Brussels-based collector Alain Servais is not only an art expert but a visionary. InWho’s still workin’ on this masterpiece? the Servais family collection is explored in all its thought-provoking complexity.
“What is it that motivates a collector? Sometimes, I say that a collector may be nothing more than a pair of eyes that sees what others try to think later,” collector Herman Daled once said in an interview for Initiart Magazine. “By this I mean that a collector is a man of action.”
That definition suits Alain Servais pretty well. A long-time collector, the Belgian financial adviser is regarded by many as both a visionary with a sharp eye for talent and an expert in art and its market. Ubiquitous, he seems to be everywhere, tirelessly walking down the art fairs alleys and biennales around the globe. He says it himself: his curiosity is insatiable and he often has the urge to be on the move.

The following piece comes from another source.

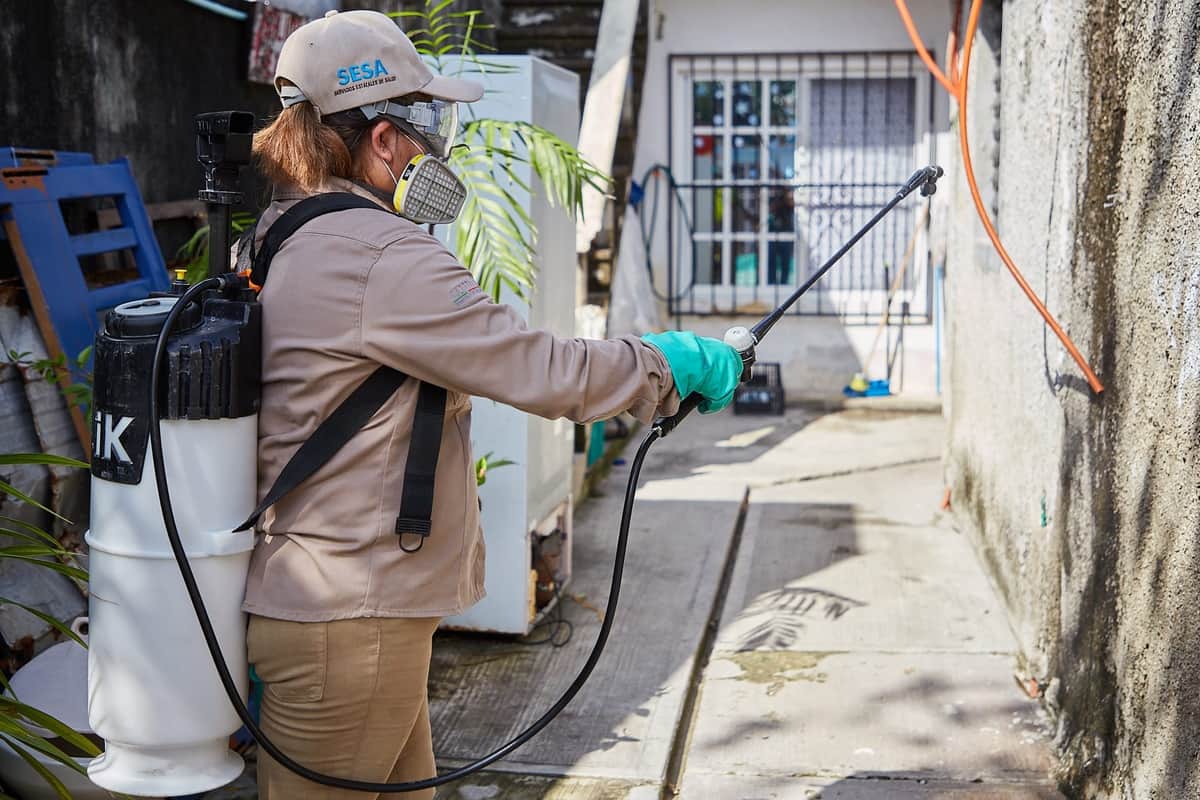 Gracias a acciones preventivas, Cozumel continúa libre de enfermedades transmitidas por vector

Rooted in the reality of humanity and its evolution, the Servais family collection is infused with the founder’s dynamism. For Servais, being a great collector means being a step ahead of time to identify what is essential before everybody else does. He focuses on artworks that will be remembered 100 years from now.
He believes these are the ones dealing with socio-politico-economic challenges, as the movements that have marked the history of art are those that reflect the social or economic changes of their times, be it Impressionism and the industrial revolution, or Pop Art and consumerism. The collector argues that to remain relevant, he has to adapt almost constantly.
He defines the collection as a snapshot of the world, encapsulating what is happening at a given moment. That gives the Servais family collection a dynamic polymorphic structure, as opposed to the linearity of museum collections, which usually illustrate an evolution over time. This sense of “art in motion” is also linked to Servais’ constant questioning about what art is for him and about what matters today.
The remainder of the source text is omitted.